Wichtige Medikamente
Der mit verschreibungspflichtigen Medikamenten beladene Lastwagen wurde an der polnischen Grenze ausgiebig kontrolliert, berichten die Männer. „Alle Kartons mussten entladen werden und die Medikamente wurden stichprobenartig genauer inspiziert“, erzählt Zetels Beauftragter für Humanitäre Hilfe, Gerhard Rusch.
„Das ist aber ein sehr gutes Zeichen“, ergänzt der Apotheker Dr. Rolf Bruns. Abgelaufene Medikamente seien ein häufiges Problem bei privat organisierten Hilfslieferungen. „Nach dem Haltbarkeitsdatum können zum Beispiel gefährliche Abbauprodukte entstehen, dadurch werden die Medikamente schlicht unbrauchbar oder sogar richtig gefährlich.“
Bei den Lieferungen, an die Ukraine hat, Bruns sich an internationale Empfehlungen orientiert, „das sind standardisierte health-kits die 70 Medikamente enthalten, mit denen man 95 Prozent aller Krankheiten behandeln kann“.
Die Auslieferung von Medikamenten sei besonders aufwendig, berichtet der Zeteler, der sich auch bei der Initiative „Apotheke ohne Grenzen“ engagiert. „Meine Mitarbeiterinnen haben jede einzelne Packung in der Hand gehalten, den QR-Code entwertet und nach der Verpackung versiegelt“, sagt er. Außerdem musste der ukrainische Arzt Sergeij Chesakov alle erhaltenen Medikamente quittieren.
Persönliche Beziehung
Die engagierten Zeteler fahren nicht erst seit der russischen Kriegserklärung am 24. Februar mit Hilfsgütern in die Ukraine. „Wir machen das schon seit den 2000ern“, sagt Hans Bitter vom Vorstand des Zeteler Sozialkaufhauses.

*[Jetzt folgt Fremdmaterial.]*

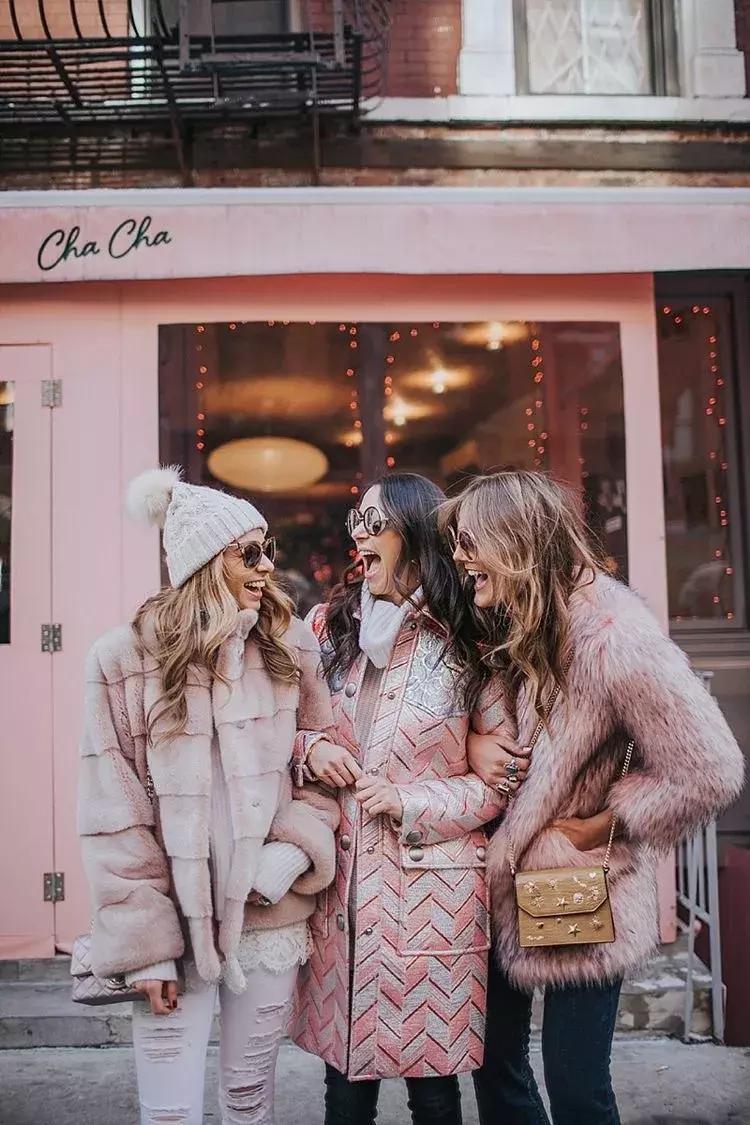 颜值全靠美颜,颜值全靠发型支撑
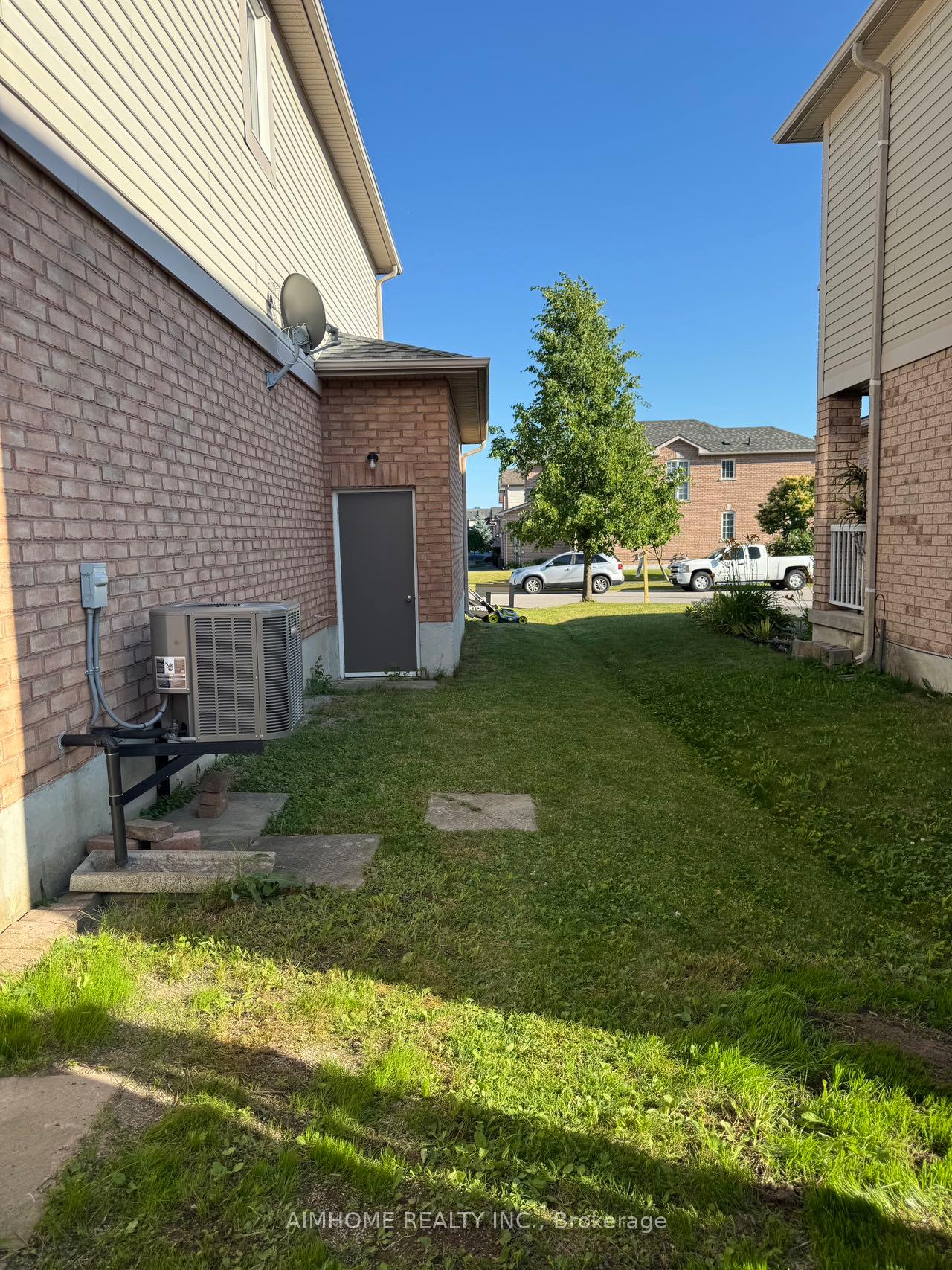 Photo 19 of 22 Villers Street, Barrie, Edgehill Drive — HOMEH
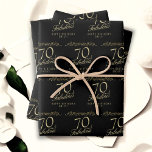 Elegant Black 70 en Fabulous 70th Birthday Inpakpapier Vel<br><div class="desc">Elegant Zwart 70 en Fabulous Ornament 70th Verjaardag Wrapping Papier. 70 en fabelachtige tekst in trendy gouden script en gouden ornamenten op een zwarte achtergrond. Personaliseer het met jouw naam en je leeftijd,  en maak je eigen elegante verjaardagswikkelpapier voor de verjaardag van een vrouw.</div>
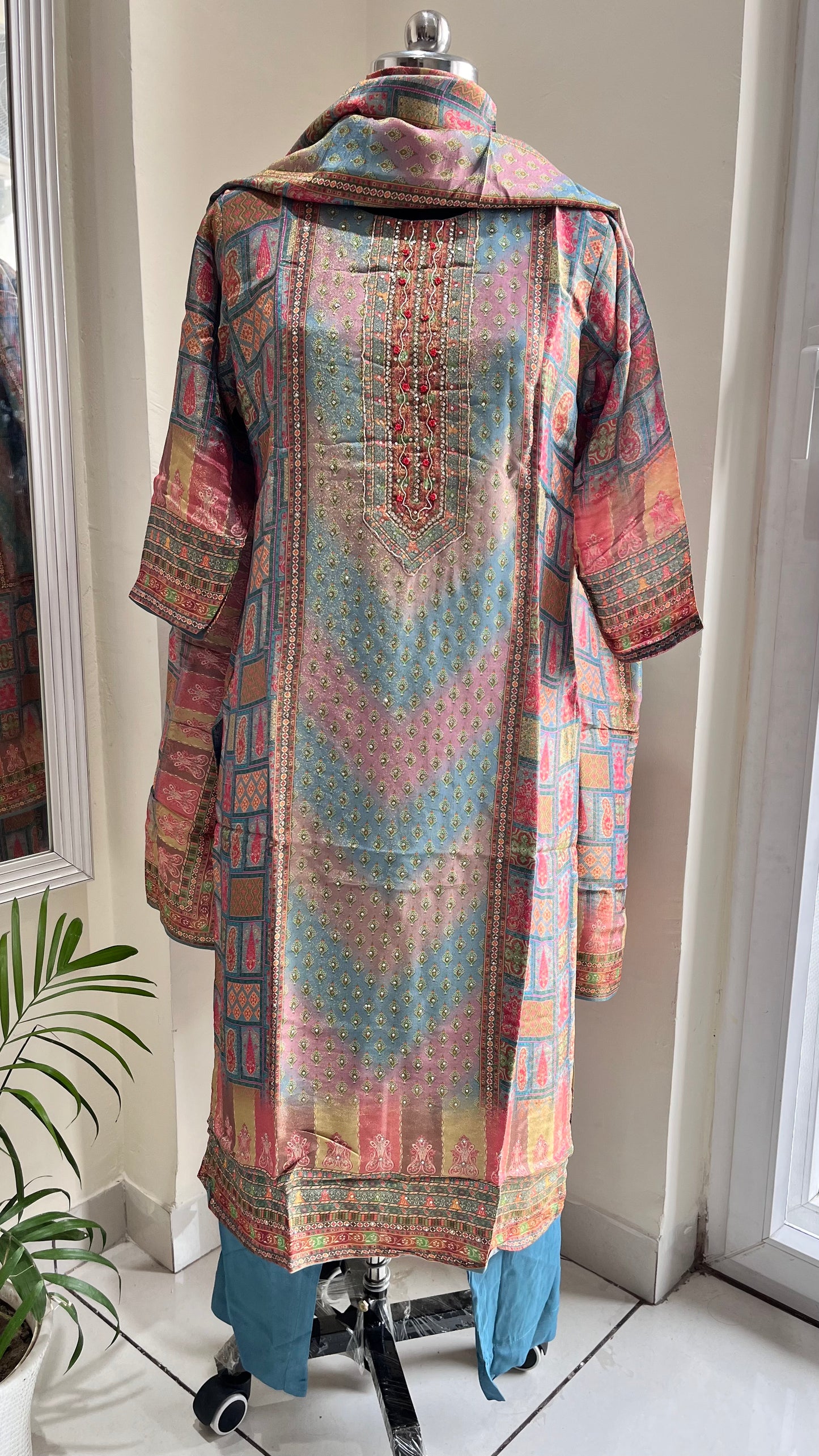 Multi Toned Floral Motif Pure Tissue Shimmer Suit Set with Shimmer Dupatta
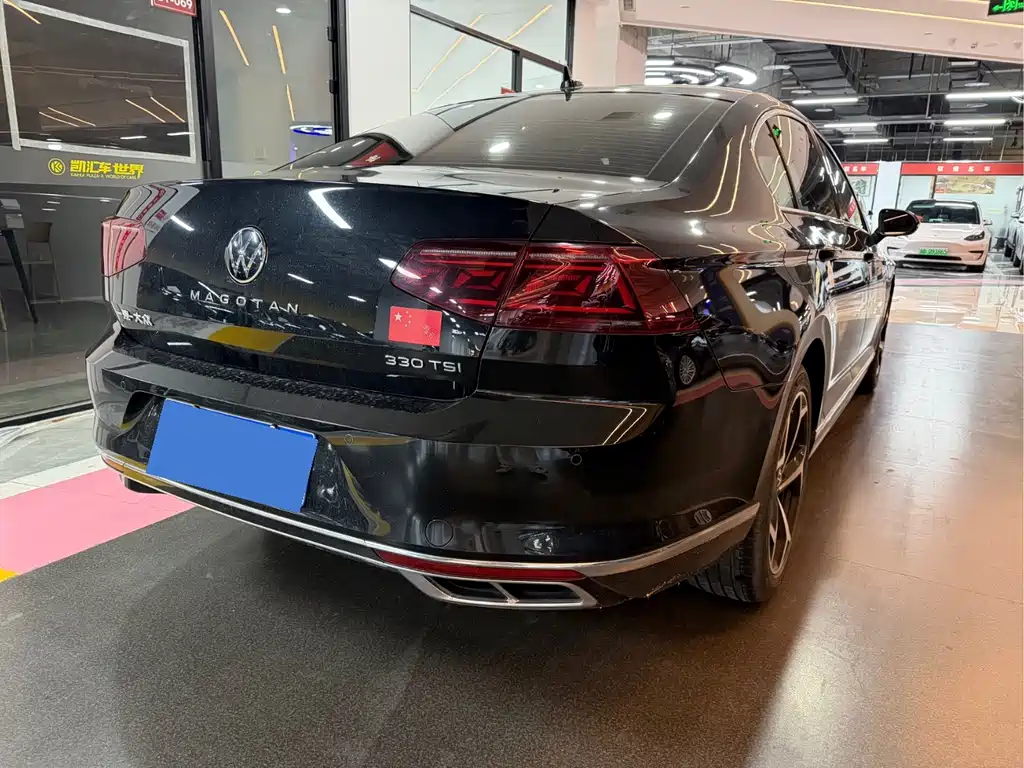 Magotan 2023 2 million commemorative edition 330TSI DSG luxury model купить на сайте DeffCars
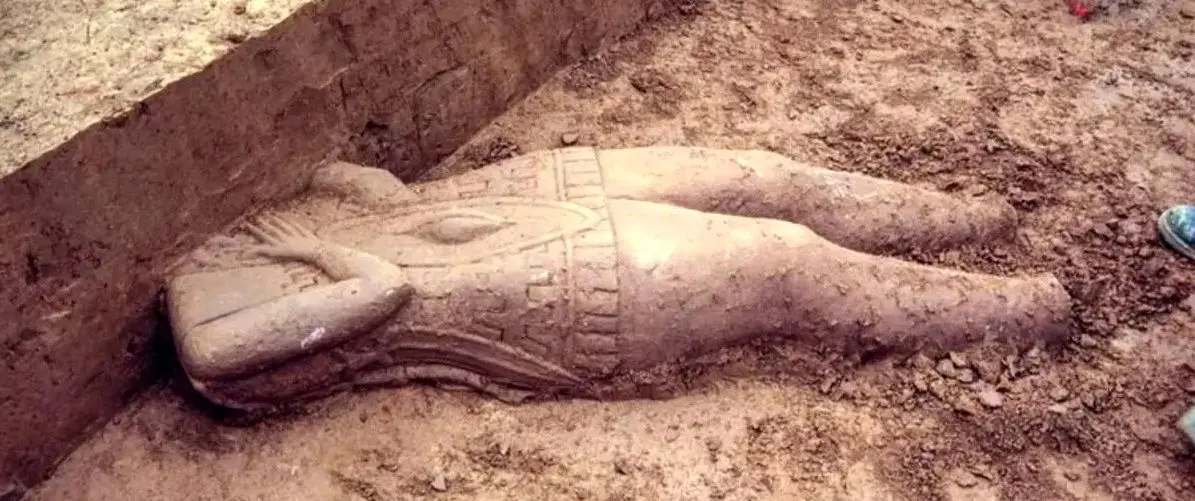 تندیس ۲۴۰۰ ساله فرمانروای سلتی با تاج شبیه «گوش‌های میکی‌ماوس»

Entstanden war die besondere Kooperation auf Initiative des engagierten Zetelers Hermann Schmidt, der die bereits bestehende Hilfstätigkeit der Gemeinde in Richtung Starokonstantinov lenkte. Den Geburtsort seiner Mutter. Seit 2006 ist Gerhard Rusch als Beauftragter für Humanitäre Hilfe in der Gemeinde Zetel eingesetzt.
Darum höre der Kontakt auch nicht nach der Übergabe der Güter auf, so Rusch: „Wir stehen eng mit Sergej Chesakov, dem ehemaligen Chef-Chirurgen des Krankenhauses in Verbindung“.
So sei es in der letzten Woche wieder deutlicher zu spüren gewesen. Seit Samstag, 22. Oktober sei die Versorgung mit Elektrizität und Trinkwasser unterbrochen und auch die Kommunikation sei gestört. Darum blicken die Helfer in die Zukunft und planen bereits die nächste Hilfslieferung, so Rusch. Dafür hat Bernd Frosch von der Zeteler Firma „SE-Werbung“ extra eine neue Folie für den Laster erstellt, den die Firma H.-G. Tönjes Industriemontage GmbH für die Lieferungen bereitstellt. Statt russischem Kyrillisch auf grauem Hintergrund erstrahlt jetzt ukrainisches Kyrillisch auf blau-gelben Hintergrund.